Adam Masterson just released his brand new album, "Time Bomb," and to celebrate we asked him to tell us about the record's title track (which also just got an official video). Here is the story:

I came up with the title first. I was trying to think of a potential title for an album and kept the title in the back of my mind. I wrote the music during the first lockdown. I was staying in a music studio which had a piano so the composition came together on keys. When I came to the chorus I remembered the title I had and put the two things together. I liked the idea of time as a metaphor and the tension it can build up in our lives. I recorded the song remotely and via correspondence with musicians out of the necessity of Covid restrictions. This forced me to work in a new way, but I really enjoyed the experience as it gave the recording a unique flavour to open the album.

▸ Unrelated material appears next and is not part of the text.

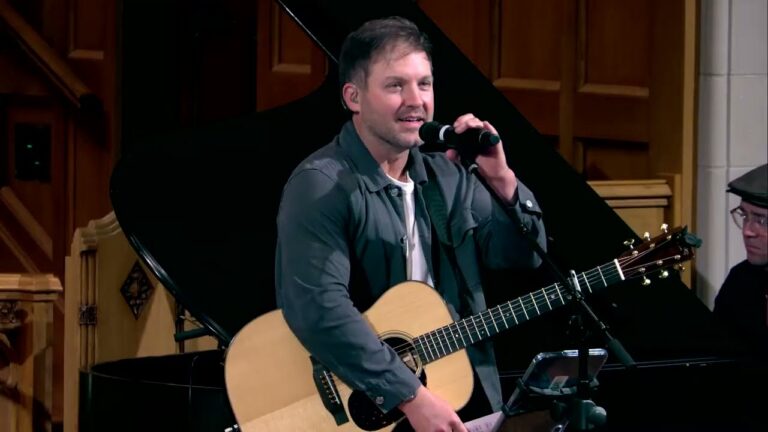 Male musician singing into a handheld mic while playing an acoustic guitar on stage with a grand piano in the background, wearing a dark jacket and white shirt.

I think the title immediately gave some drama to the song. I think the pressures of time and the way it can assault the nervous system was on my mind. I could see the delicate battery of nerves and cells like a circuit board in our bodies that could blow up at any time like the straw that broke the camel's back. The first line I got was "listening to the all-night DJ, nothing makes her feel this way" after seeing the Clint Eastwood movie on TV 'Play Misty For Me' but I thought it was too obscure so I scrapped it, but it gave me something to think about, a way in. Later the Stone Roses song "She Bangs The Drum" came on the radio and the line "the way she plays there are no words" made me think we can turn or look to someone as a relief from time - as a way out of time, out of the time trap.

I got the last line first and that finished the song. I remembered a picture I'd seen of a soldier from a bomb disposal unit, on an empty evacuated city street calmly approaching an unexploded time bomb. They called the picture 'The Long Walk.' The picture had a strange ring of destiny to it that's in each of our lives, despite the high drama, the eye of the storm is always calm. These are just some of the things I remember about trying to conjure up the lyrics but if I'm to think about how I connect with the song on a more personal level, honestly, I'd say as a musician or song maker, so much of our time is spent submerged in the work, building the material much of which is done alone, you can find yourself out of fuel and on empty street for many miles of the journey. It's only in onstage performance or in the studio and releasing new music that all these combustible elements break the surface and find their fire, and that's always a positive.

For the video, we kept things very simple. Anna [Gabriel] shot me singing the song with a backdrop and spotlight and we found stock footage that went with the imagery of the song. We edited the footage together and the whole process was fun and felt very natural.